- Data under study
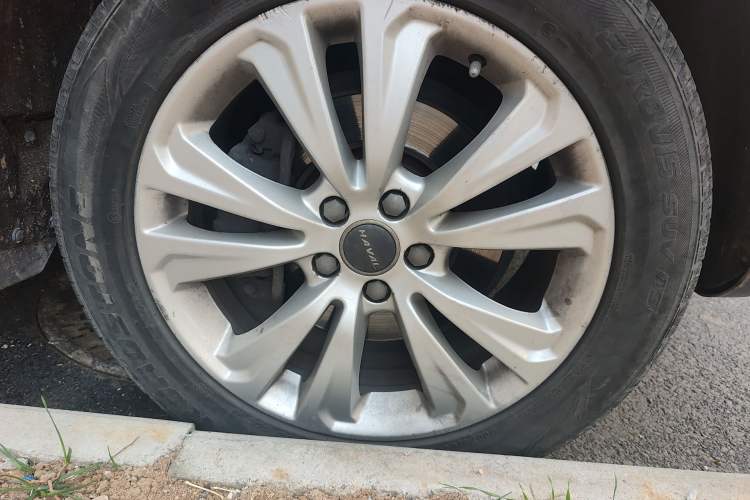 Used Haval H8 2017 2.0T Gasoline Two-Wheel Drive Smart Edition Right Front Wheel Hub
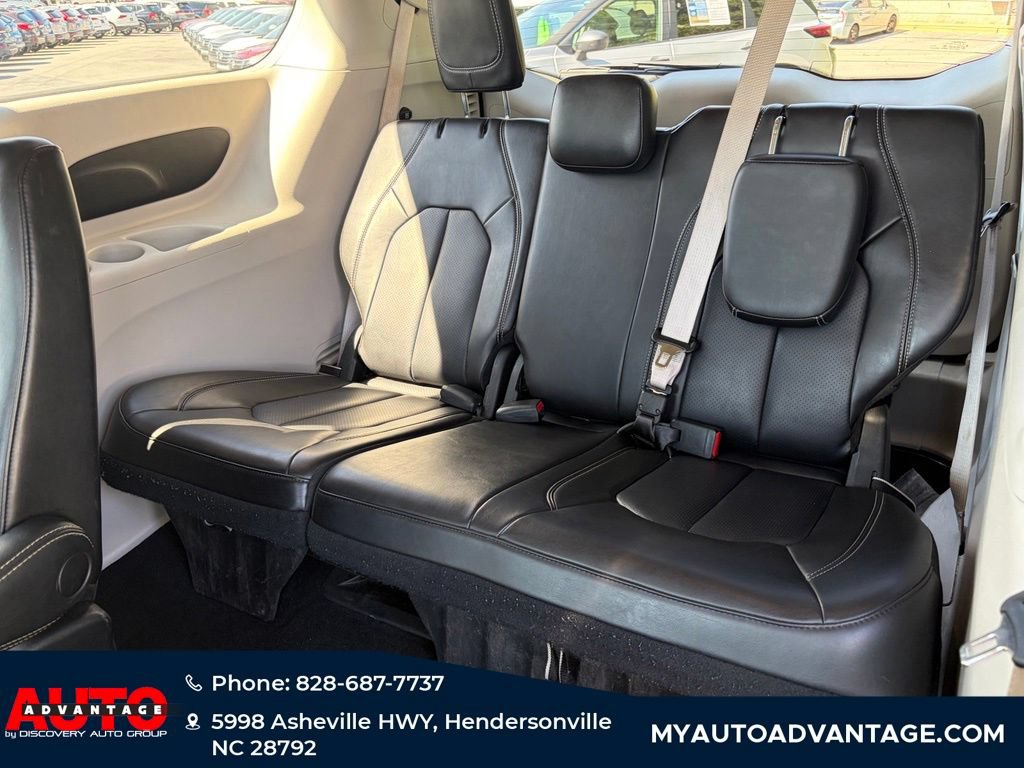 Used 2023 Chrysler Pacifica Touring-L FWD image 28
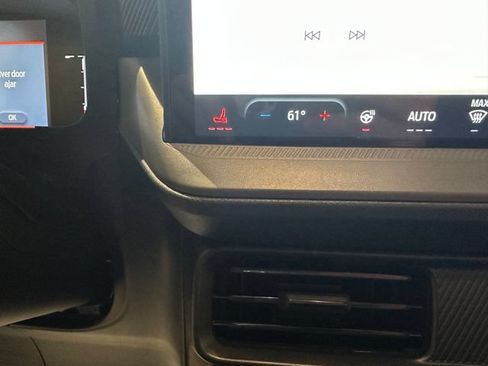 Used 2025 Ford Maverick XLT w/ XLT Luxury Package AWD/4WD image 13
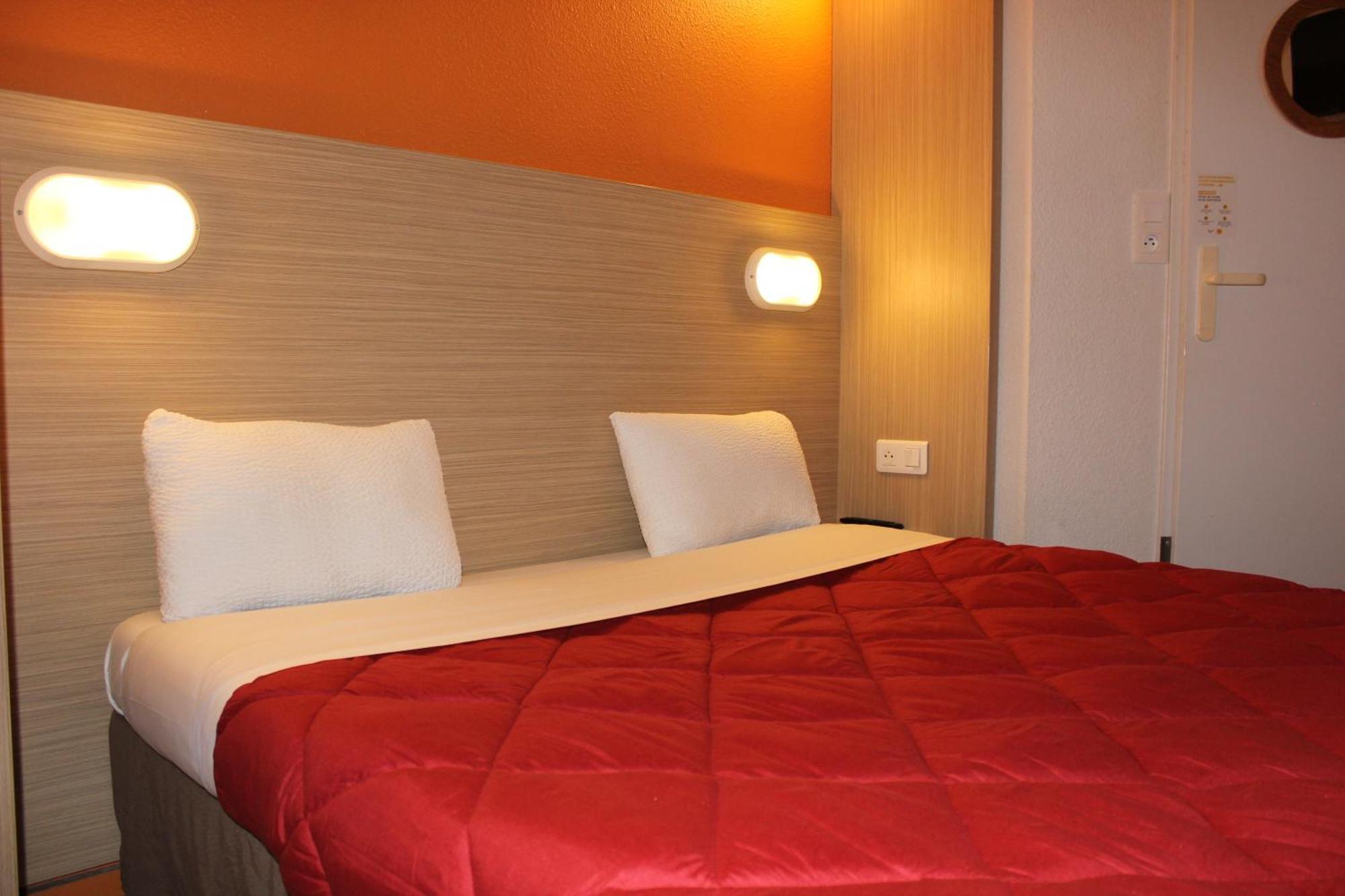 Premiere Classe St Quentin En Yvelines Elancourt Trappes Exteriör bild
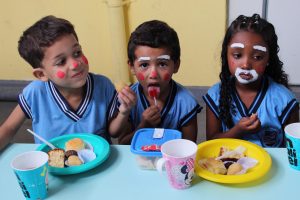 Projeto- Crescer -celebra- Dia -das- Crianças- com -muita- alegria, -guloseimas- e -diversão- (21)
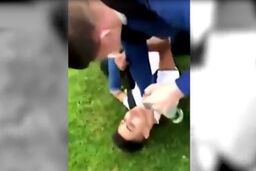 تلاش نژادپرستانه جوان انگلیسی برای خفه‌کردن دانش‌آموز سوری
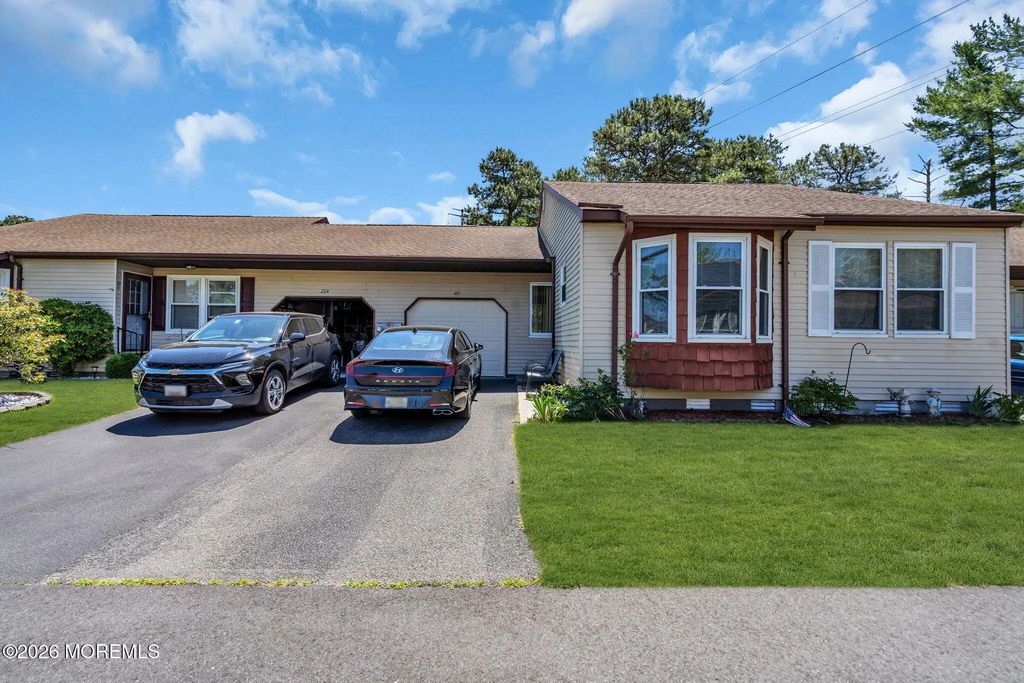 22b Alpine Road 63, Whiting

- Task to carry out
A faithful copy is needed of the lines from the one containing "Used 2025 Ford" through the last line of the data above, with pictures left out.

- Completed task
 Used 2025 Ford Maverick XLT w/ XLT Luxury Package AWD/4WD image 13
 Premiere Classe St Quentin En Yvelines Elancourt Trappes Exteriör bild
 Projeto- Crescer -celebra- Dia -das- Crianças- com -muita- alegria, -guloseimas- e -diversão- (21)
 تلاش نژادپرستانه جوان انگلیسی برای خفه‌کردن دانش‌آموز سوری
 22b Alpine Road 63, Whiting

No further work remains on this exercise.